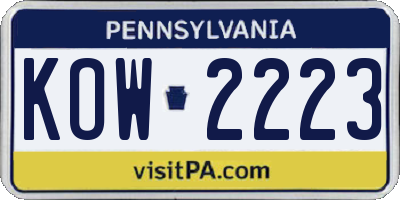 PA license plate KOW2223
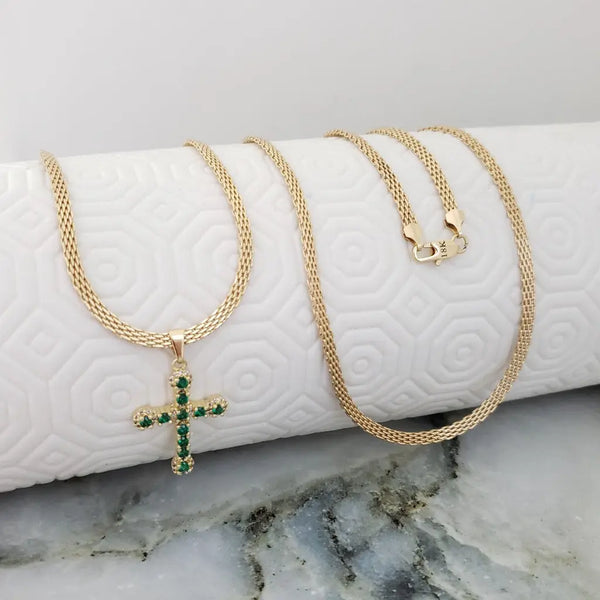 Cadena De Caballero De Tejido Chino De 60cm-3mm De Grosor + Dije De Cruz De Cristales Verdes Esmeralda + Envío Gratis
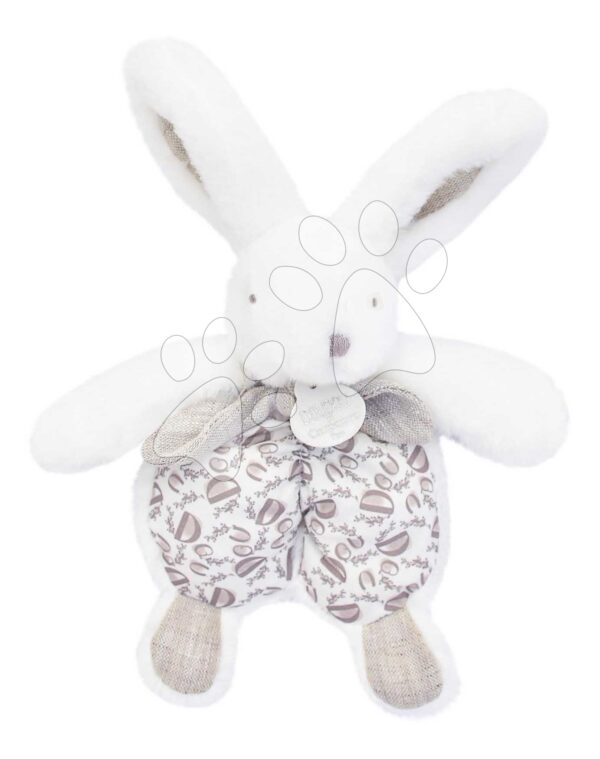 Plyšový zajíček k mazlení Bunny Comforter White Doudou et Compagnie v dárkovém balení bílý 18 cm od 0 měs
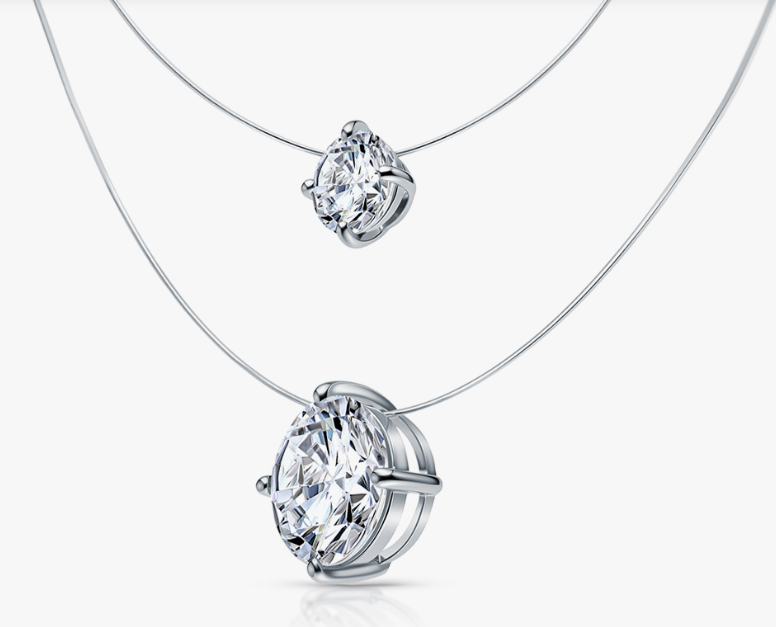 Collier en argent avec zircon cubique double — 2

> **About this exercise**: Without the pictures, give every line of the data again, exactly as written.

> **Result**:
 PA license plate KOW2223
 Cadena De Caballero De Tejido Chino De 60cm-3mm De Grosor + Dije De Cruz De Cristales Verdes Esmeralda + Envío Gratis
 Plyšový zajíček k mazlení Bunny Comforter White Doudou et Compagnie v dárkovém balení bílý 18 cm od 0 měs
 Collier en argent avec zircon cubique double — 2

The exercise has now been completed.